(Image-caption web data)

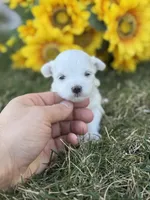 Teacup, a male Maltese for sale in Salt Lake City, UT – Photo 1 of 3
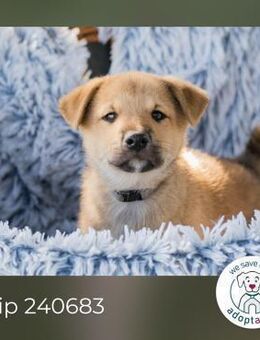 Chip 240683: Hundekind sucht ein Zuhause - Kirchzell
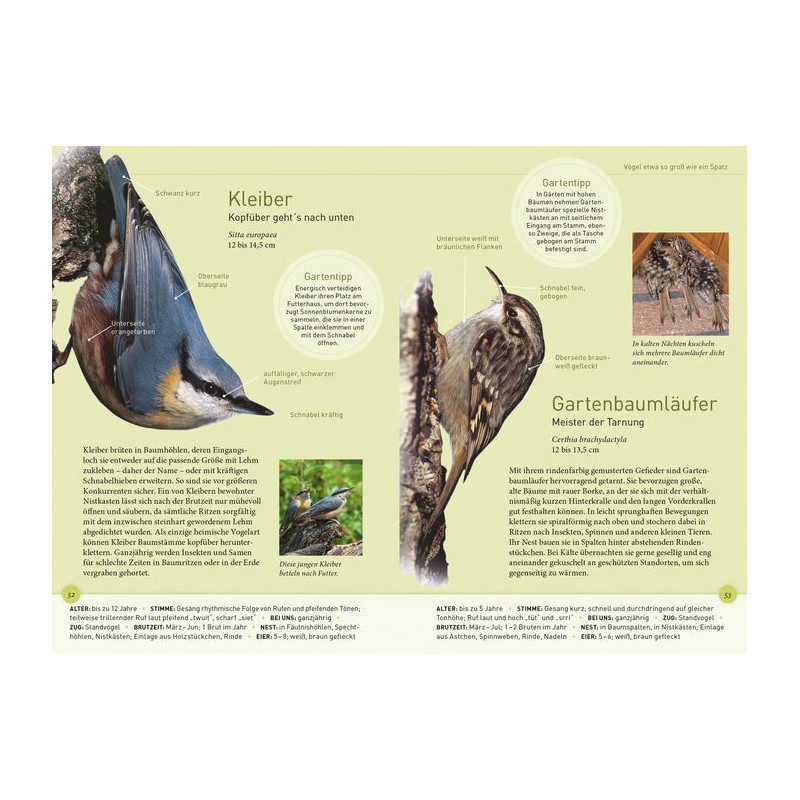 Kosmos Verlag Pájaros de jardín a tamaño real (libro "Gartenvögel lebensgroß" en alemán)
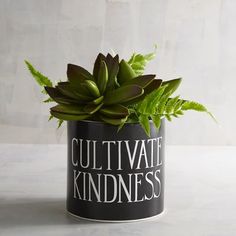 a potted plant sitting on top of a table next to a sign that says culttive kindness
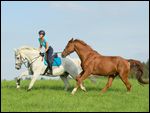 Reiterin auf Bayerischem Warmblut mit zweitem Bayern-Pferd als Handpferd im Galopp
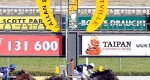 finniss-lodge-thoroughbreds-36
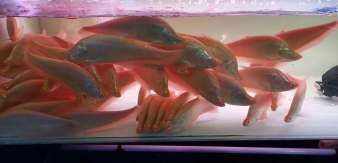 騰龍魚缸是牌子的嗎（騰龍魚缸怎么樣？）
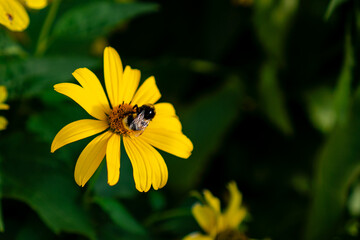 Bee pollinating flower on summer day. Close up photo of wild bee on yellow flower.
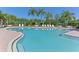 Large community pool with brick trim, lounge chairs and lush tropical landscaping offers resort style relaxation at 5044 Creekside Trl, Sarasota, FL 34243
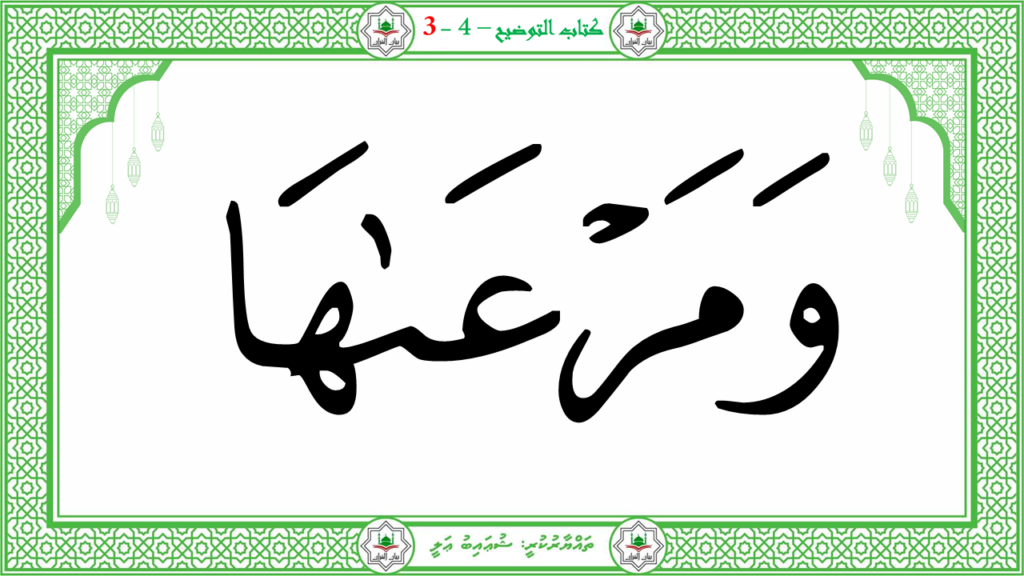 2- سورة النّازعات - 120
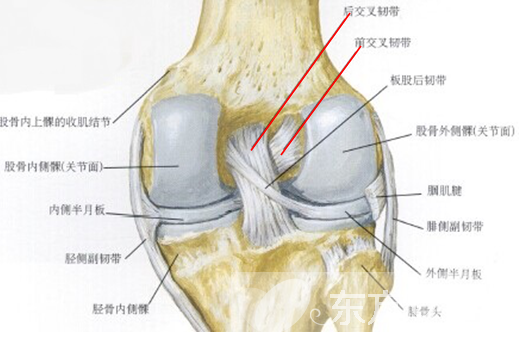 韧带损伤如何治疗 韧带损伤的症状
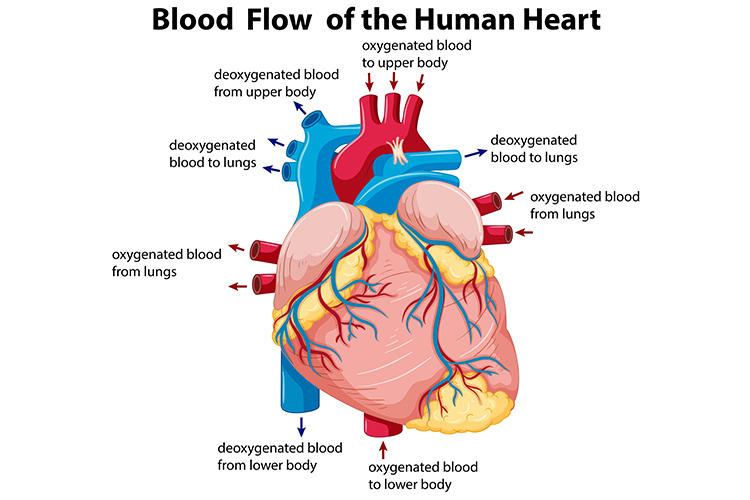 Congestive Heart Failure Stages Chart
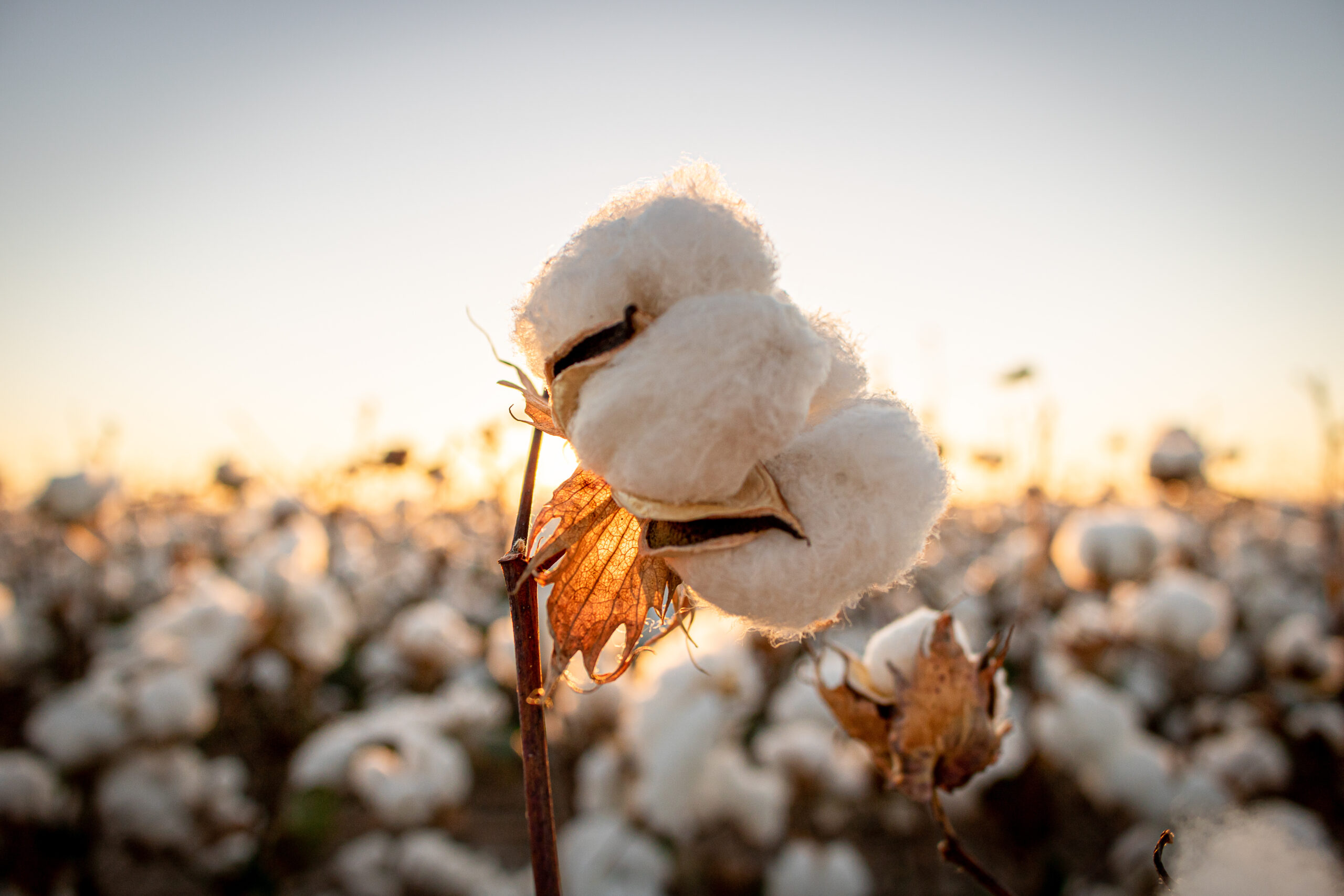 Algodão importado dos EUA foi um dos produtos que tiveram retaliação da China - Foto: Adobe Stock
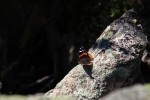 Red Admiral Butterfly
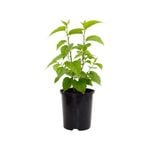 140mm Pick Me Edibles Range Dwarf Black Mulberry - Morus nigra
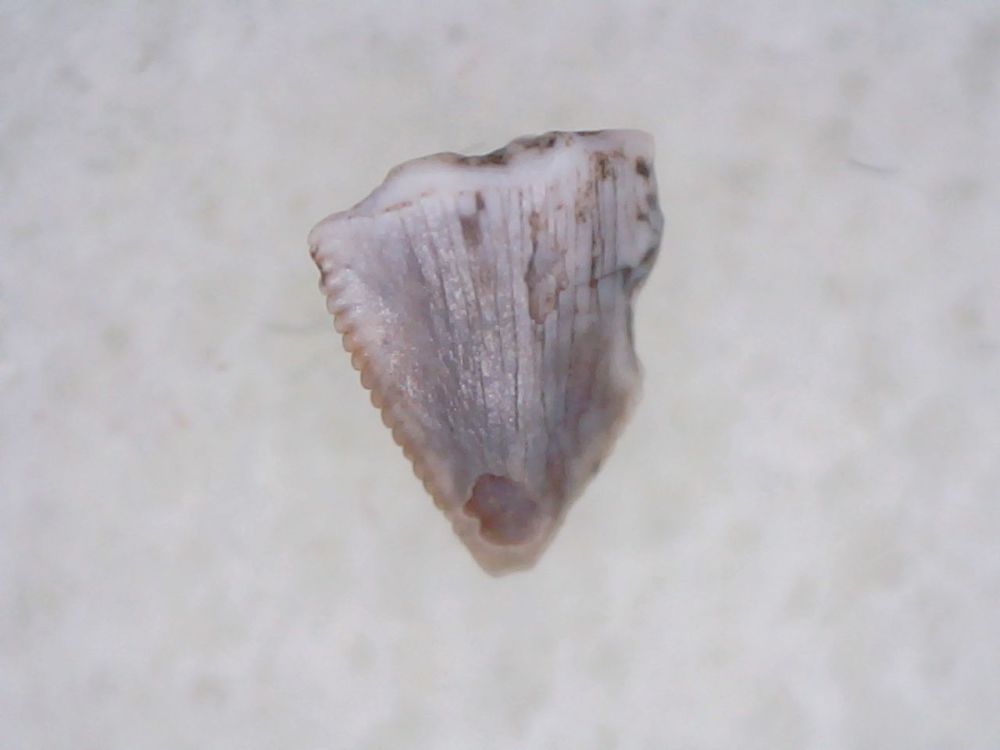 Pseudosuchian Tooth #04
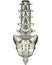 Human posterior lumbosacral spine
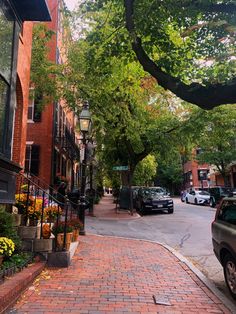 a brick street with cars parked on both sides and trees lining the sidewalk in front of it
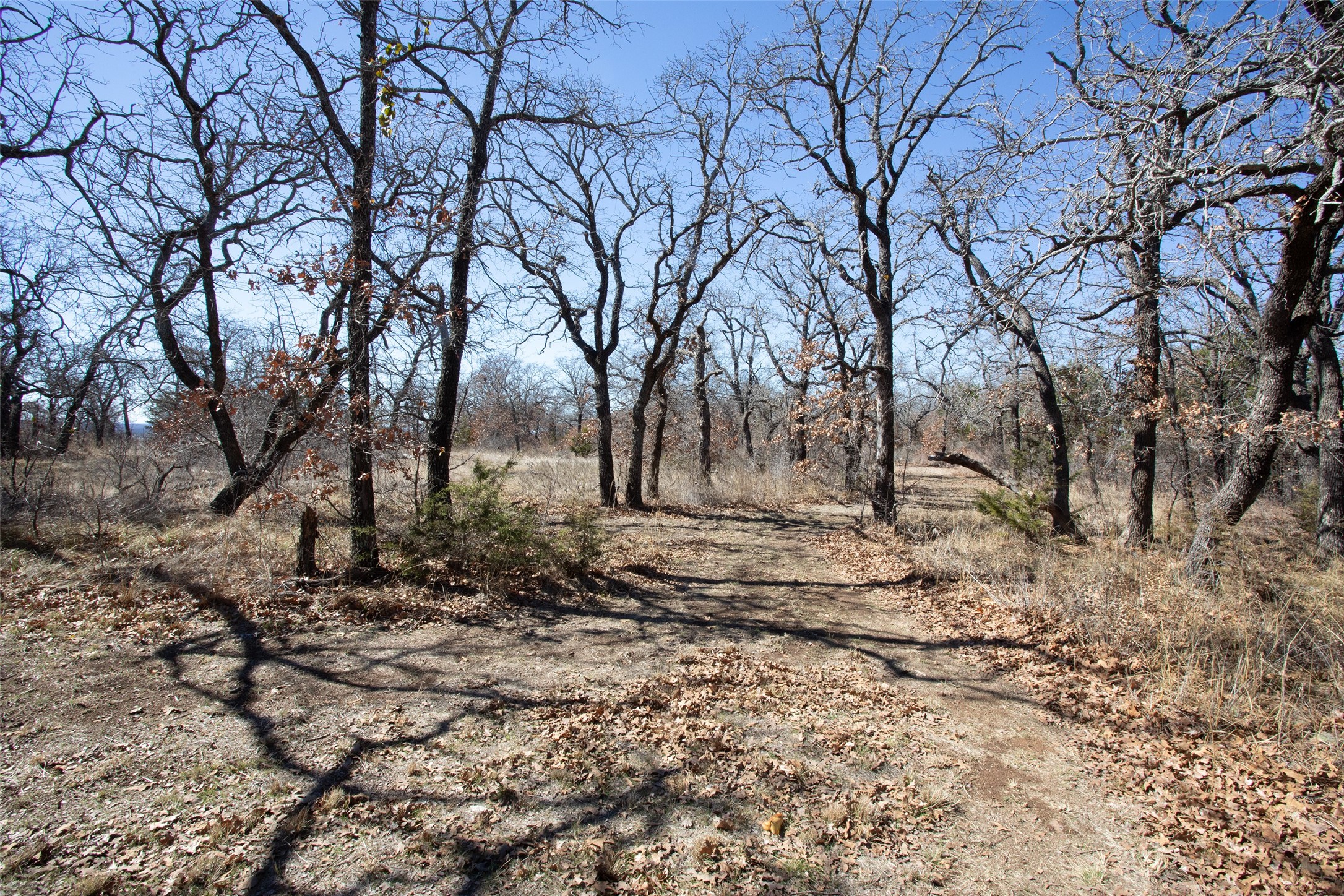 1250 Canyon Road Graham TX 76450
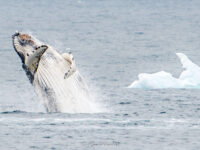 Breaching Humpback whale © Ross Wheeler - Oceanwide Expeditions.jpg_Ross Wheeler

Your objective
Print, word for word, the lines above that run from the line containing "2- سورة النّازعات - 120" to the line containing "1250 Canyon Road Graham TX 76450", both included. Keep the pictures out.

Finished exercise
 2- سورة النّازعات - 120
 韧带损伤如何治疗 韧带损伤的症状
 Congestive Heart Failure Stages Chart
 Algodão importado dos EUA foi um dos produtos que tiveram retaliação da China - Foto: Adobe Stock
 Red Admiral Butterfly
 140mm Pick Me Edibles Range Dwarf Black Mulberry - Morus nigra
 Pseudosuchian Tooth #04
 Human posterior lumbosacral spine
 a brick street with cars parked on both sides and trees lining the sidewalk in front of it
 1250 Canyon Road Graham TX 76450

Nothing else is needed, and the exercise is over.